On 21 December 1914, Arnold-Forster enlisted in the Royal Naval Volunteer Reserve, joining the Trade Division at the Admiralty where he was involved in planning the naval blockade of Germany. On 29 December 1914, he was promoted to the rank of Lieutenant, and to Lieutenant Commander on 4 June 1916. In 1919 he served on the Paris Peace Conference, and wrote the Royal Navy's history of the blockade.[13] He was demobilised on 19 December 1919.[8][6]

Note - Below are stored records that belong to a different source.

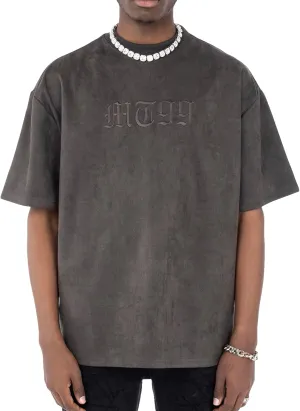 Verdusa Men's Oversized Tops Letter Embroidery Drop Shoulder Tee Top Casual T Shirts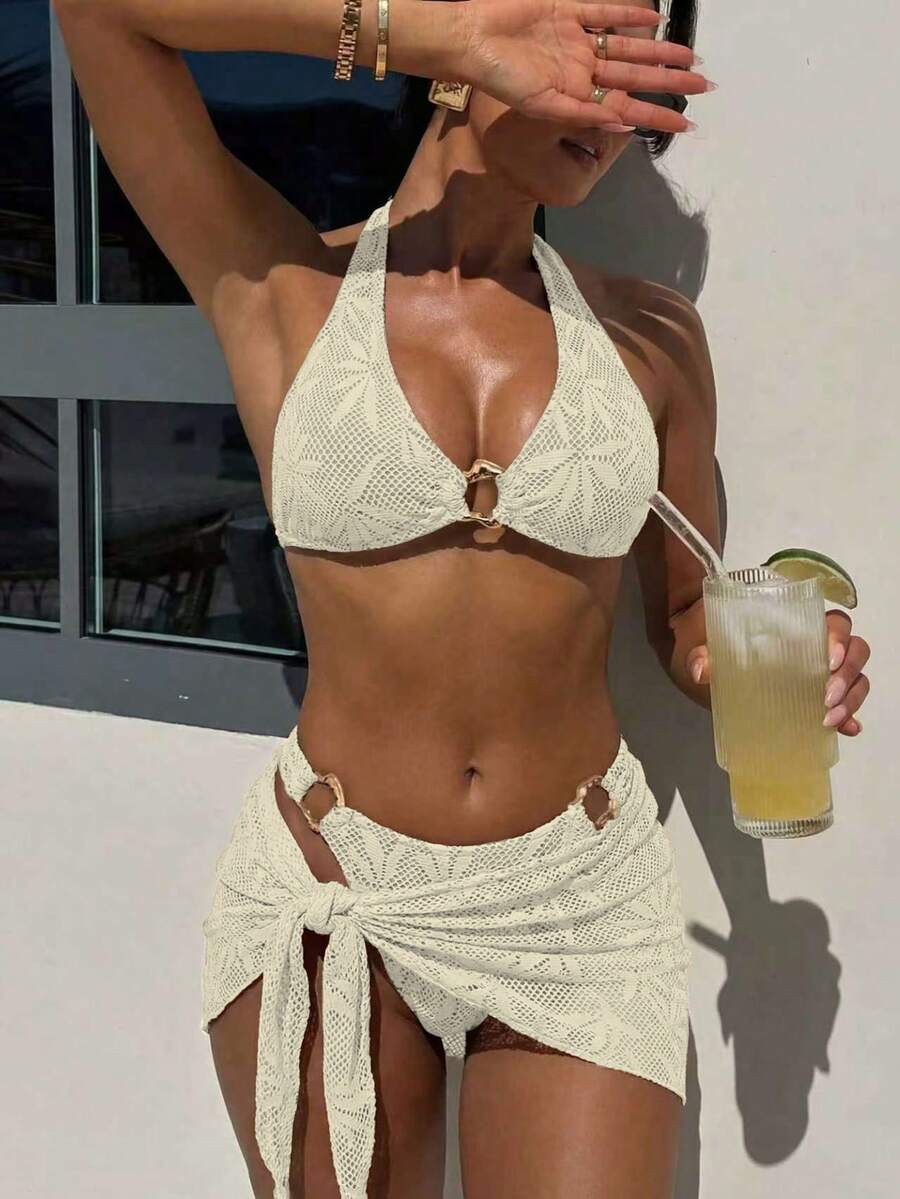 Ženski Krojeni Bikini 3u 1 Set Ukrašen Zlatnim Prstenovima
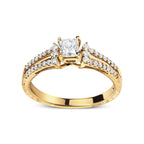 14K Yellow Gold 5/8 Carat Total Weight Princess Diamond Split Shank and Milgrain Engagement Ring (G-H Color, VS2-SI1 Clarity) - Size 7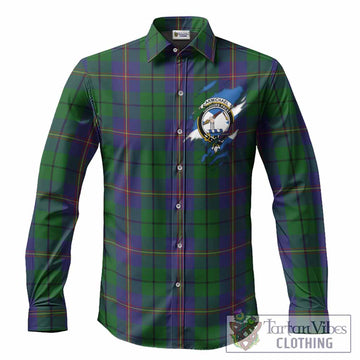 Carmichael Clan Crest In Me Tartan Long Sleeve Button Shirts Scotland Flag Style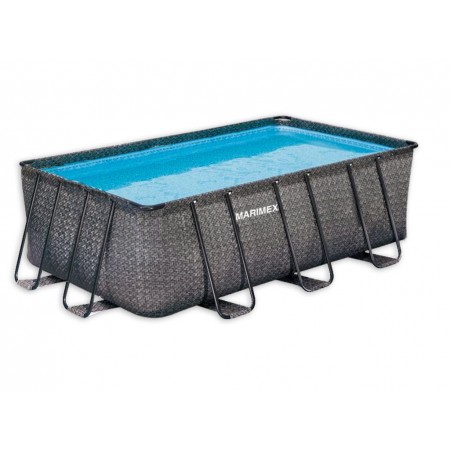 Obdélníkový nadzemní bazén Florida bez příslušenství, 215x400x122 cm, hnědý (ratan)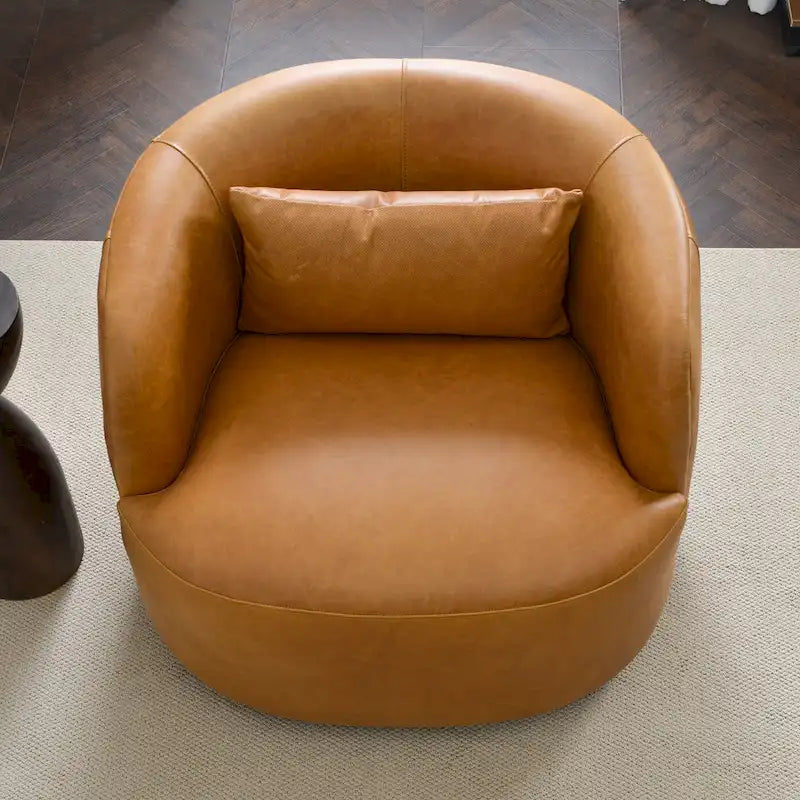 Sillón giratorio moderno de cuero genuino de grano superior con cojín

As a Labour politician, Arnold-Forster was a strong human rights advocate, and became involved in the creation of the League of Nations (1920).[14] He joined the Union of Democratic Control (UDC),[15] a pressure group arguing for more parliamentary control over foreign policy, and against war. In the interwar period he was influential in the foreign policy debates that tried to find an alternative to war, as a member of the All Souls Foreign Affairs Group[c][16] and as a key member of the Labour Party's Advisory Committee on International Relations (Advisory Committee on International Questions on ACIQ).[17] There, Arnold-Forster, Philip Noel-Baker and Hugh Dalton were considered a "triumvirate".[18] As an Internationalist, he was one of the more vocal supporters of the League within the party, and argued for multilateral disarmament.[19][20] During World War II he continued to advance ideas for a new international body with more coercive powers.[21] He lectured at the University of Virginia Institute of Public Affairs in 1938.[22] After the war he continued writing and speaking on internationalism and the United Nations.[23]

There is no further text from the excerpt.